Your response to the data below should hold nothing except the lines from the one containing "2024香港正版资料免费大全" down to the one containing "Camiseta 1980s Retro", reproduced exactly and without pictures.

Records to use
* * * *
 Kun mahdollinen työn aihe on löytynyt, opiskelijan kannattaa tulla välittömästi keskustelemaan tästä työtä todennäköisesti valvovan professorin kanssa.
* * * *
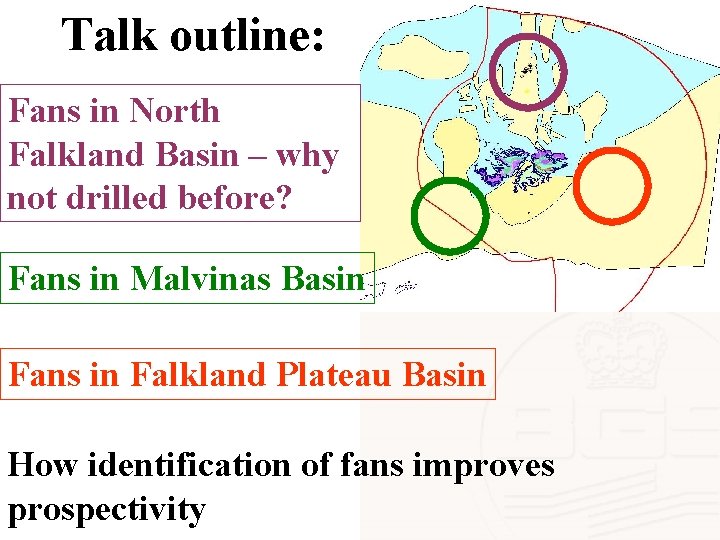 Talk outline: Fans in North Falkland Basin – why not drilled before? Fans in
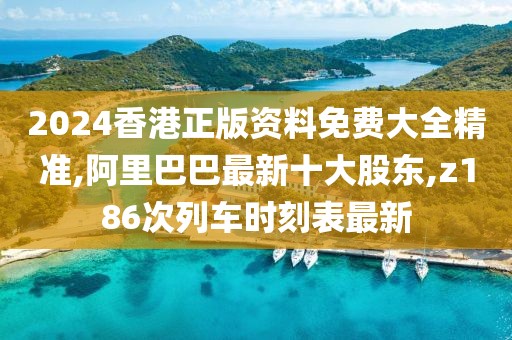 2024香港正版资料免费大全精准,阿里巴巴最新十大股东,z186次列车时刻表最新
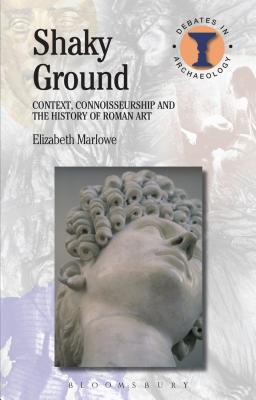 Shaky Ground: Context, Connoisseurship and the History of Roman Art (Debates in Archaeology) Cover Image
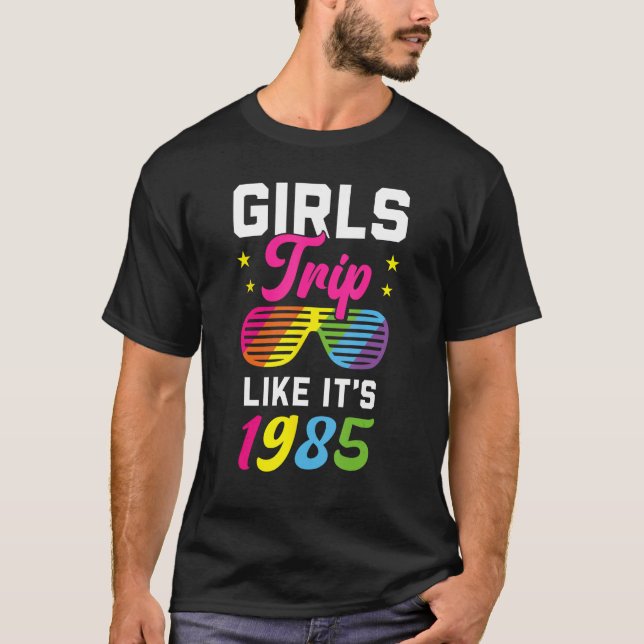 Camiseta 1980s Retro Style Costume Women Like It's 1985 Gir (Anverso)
* * * *
Output for this task
 2024香港正版资料免费大全精准,阿里巴巴最新十大股东,z186次列车时刻表最新
 Shaky Ground: Context, Connoisseurship and the History of Roman Art (Debates in Archaeology) Cover Image
 Camiseta 1980s Retro Style Costume Women Like It's 1985 Gir (Anverso)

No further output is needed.